> [Work item] Set down the listing exactly as given, minus images.

> [Data segment]

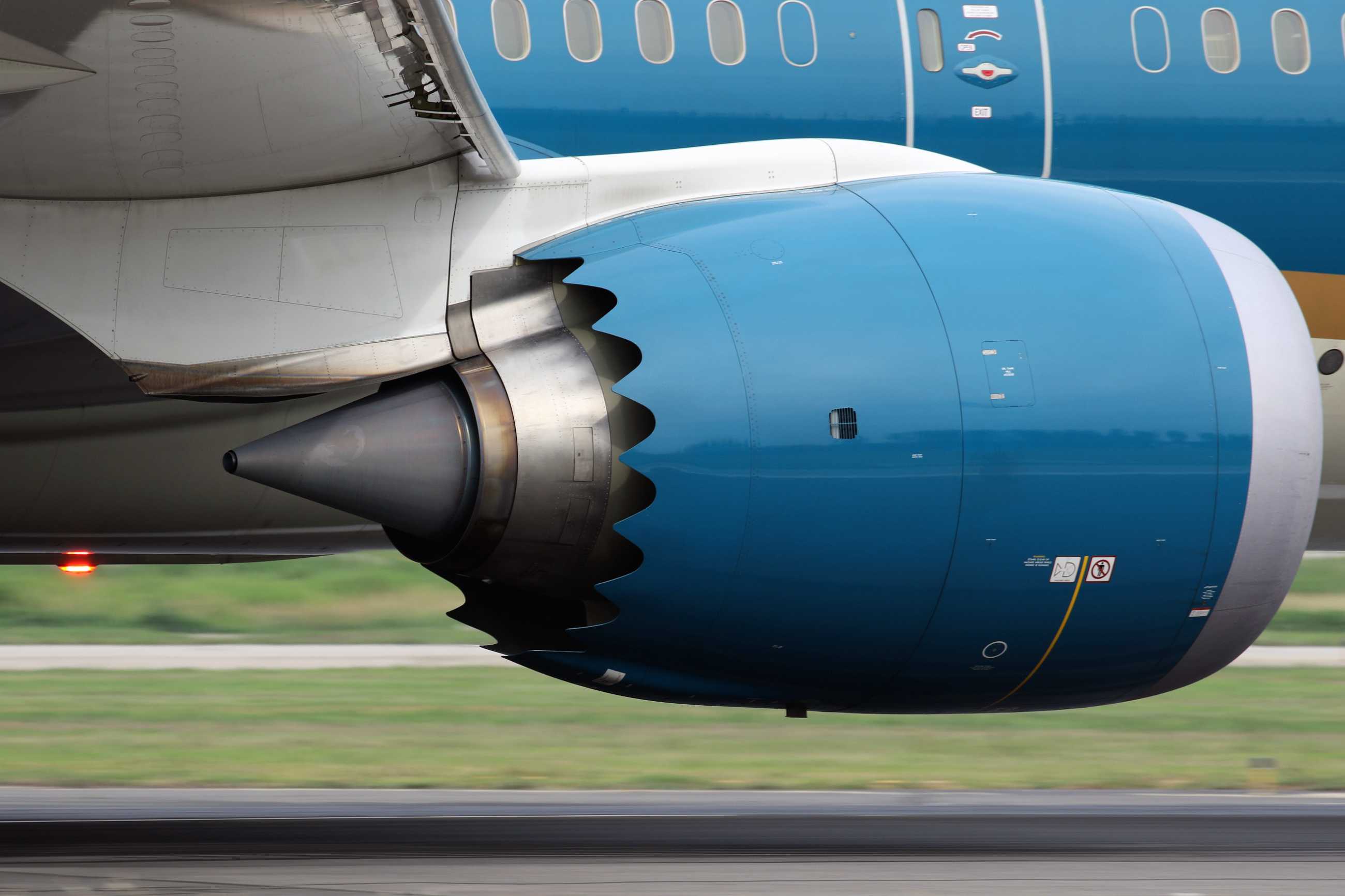 发一些十年前在首都机场拍的飞机-7813 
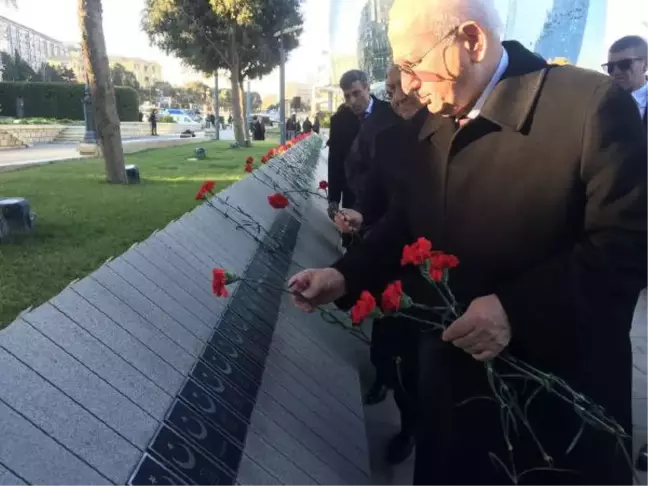 TBMM Başkanı Kahraman, Haydar Aliyev'in Mezarını Ziyaret Etti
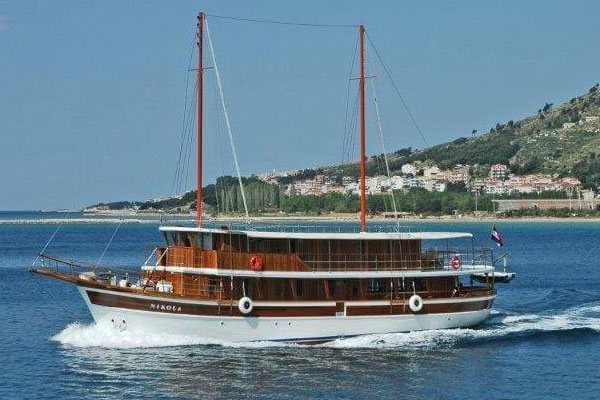 Traditional Ensuite Nikola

> [Exercise output]
 发一些十年前在首都机场拍的飞机-7813 
 TBMM Başkanı Kahraman, Haydar Aliyev'in Mezarını Ziyaret Etti
 Traditional Ensuite Nikola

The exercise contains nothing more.